The two study regions were Cranbrook, British Columbia (BC) and Dog River-Matawin Forest in Ontario (ON), Fig. 1. Both regions are roughly 1 Mha in size, mainly coniferous species with spatially explicit forest attributes (species, age, silvicultural intensity or site class) and associated merchantable yield tables. Table 1 contains information on the forest inventory, anthropogenic and natural disturbances, and baseline energy usage. Transportation distances from harvest cutblocks to communities were estimated from networks of paved roads and unpaved forestry roads. If more than one community was present, the cheapest route from cutblock to community was selected assuming travel costs on paved roads were half the cost of travel on all other road types [24]. Road networks were analyzed using ESRI Network Analyst (v 10.3.1) [25].

Fig. 1

Maps of study areas for managed public forests within Cranbrook, British Columbia (Timber Supply Area 05) and Dog River-Matawin, Ontario (Management Unit 177), and the locations of these Forest Management Units within Canada (inset)

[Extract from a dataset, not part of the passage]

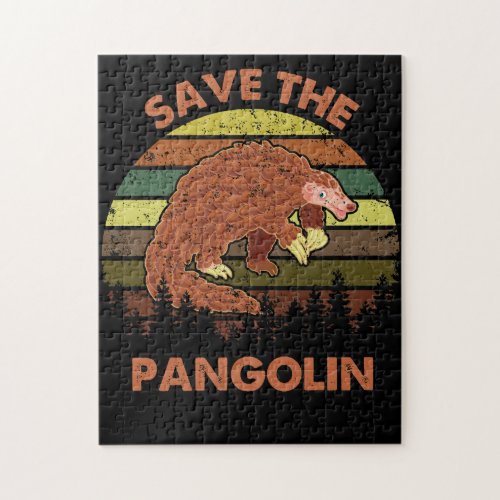 Save The Pangolins Funny Cute Animal Pangolin Gift Jigsaw Puzzle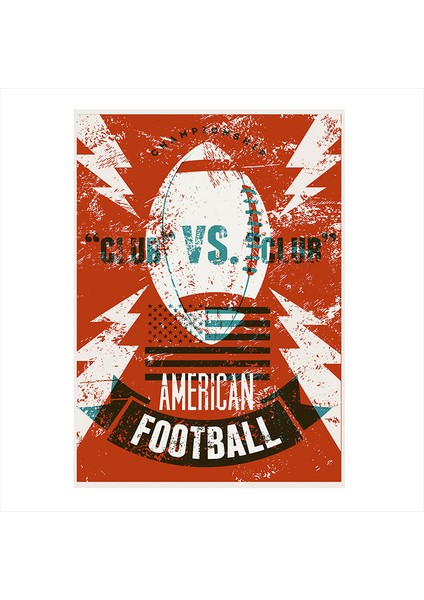 Ahşap Tablo American Football Afiş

Table 1 Study region characteristics, forest inventory information and baseline assumptions for Cranbrook (BC) and Dog River (ON)

Substitution impacts

Two substitution impacts were included: marginal substitution between solid wood products (sawnwood and panels) and emissions-intensive materials, and marginal substitution between bioenergy from harvest residues and fossil fuel based stationary combustion for power and heat. Displacement factors for solid wood products (DFp) (sawnwood and panels) were previously estimated for Canada assuming wood substituted for emissions-intensive products within a series of end-use products (e.g. single-family homes, furniture, etc.) and partitioning total avoided emissions into sawnwood and panels according to their share in total consumption. Displacement factors consider emissions associated with extraction, transportation of raw materials and manufacturing. Two sets of displacement factors were analyzed. The first set, based on a broad range of end-use products, was 0.54 and 0.45 tC emissions avoided per tC used for sawnwood and panels, respectively [26]. The second set of displacement factors assumed the wood products were used for building construction and substituted for steel and concrete, resulting in higher displacement factors of 2.1 tC/tC and 2.2 tC/tC for sawnwood and panels, respectively [6]. These displacement factors included the production stage (extraction, transportation of raw materials, and manufacturing) and quantified from the change in emissions (for a set of more-wood products versus less-wood products) divided by the marginal change in wood C. Avoided emissions were estimated for a basket of end-use products and were weighted by Canadian consumption statistics to reflect national wood uses [26].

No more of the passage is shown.